"They had an amazing bond from the get-go, rarely did I see one without the other," said family friend Karen TePaske.
"Janeah and Janesah were fun, loved life and lived it to the fullest. They loved people animals and music," said TePaske.
The sisters and a friend were on their way to visit haunted houses in Seattle when troopers say a driver crossed the line on Highway 20 and hit the car the girls were in. Janeah died at the scene and Janesah died 11 days later.
"If Nesah had woken up she would have had been without her harmony when Neah was already giving singing lessons to the angels," said family friend Christina Federighi, who mentioned singing and music were the twins' passion. The sisters loved performing for their family and friends and for each other.
"Each of us is here today because we are part of their song," said Federighi.
"Neah and Nesah absolutely loved each other.

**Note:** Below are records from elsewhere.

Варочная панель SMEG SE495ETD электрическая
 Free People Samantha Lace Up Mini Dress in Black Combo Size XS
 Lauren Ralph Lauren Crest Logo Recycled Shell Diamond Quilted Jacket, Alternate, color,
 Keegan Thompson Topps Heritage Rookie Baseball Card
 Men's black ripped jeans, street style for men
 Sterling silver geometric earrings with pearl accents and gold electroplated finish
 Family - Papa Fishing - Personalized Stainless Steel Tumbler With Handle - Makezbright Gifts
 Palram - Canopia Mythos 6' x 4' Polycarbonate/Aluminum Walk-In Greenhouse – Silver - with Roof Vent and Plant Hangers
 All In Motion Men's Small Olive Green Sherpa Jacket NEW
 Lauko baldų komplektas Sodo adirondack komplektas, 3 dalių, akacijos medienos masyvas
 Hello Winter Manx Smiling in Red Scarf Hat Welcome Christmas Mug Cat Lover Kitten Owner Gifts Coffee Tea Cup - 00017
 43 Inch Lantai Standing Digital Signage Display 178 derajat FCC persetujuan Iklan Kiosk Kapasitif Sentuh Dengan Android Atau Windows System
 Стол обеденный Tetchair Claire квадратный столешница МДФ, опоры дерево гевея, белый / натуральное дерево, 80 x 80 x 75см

They were always together and truly complimented one another," said childhood friend Anne TePaske.
TePaske spoke of childhood memories - the twins climbing trees, losing their first teeth and battling chicken pox.
"I remember when they got the chicken pox and the whole Sunday school made these weird cards out of paper bags that looked like faces with spots on them that said 'Get well soon'," said TePaske
The Oak Harbor community finds comfort knowing the sisters are still together. The twins once told their mom they couldn't imagine their lives apart.
"We live in a great community. They made it better," said Oak Harbor Mayor Scott Dudley.
During his remarks, he shared a message with the Goheen family - "We are here with you because you're not just a resident, you are not just a neighbor. You are family."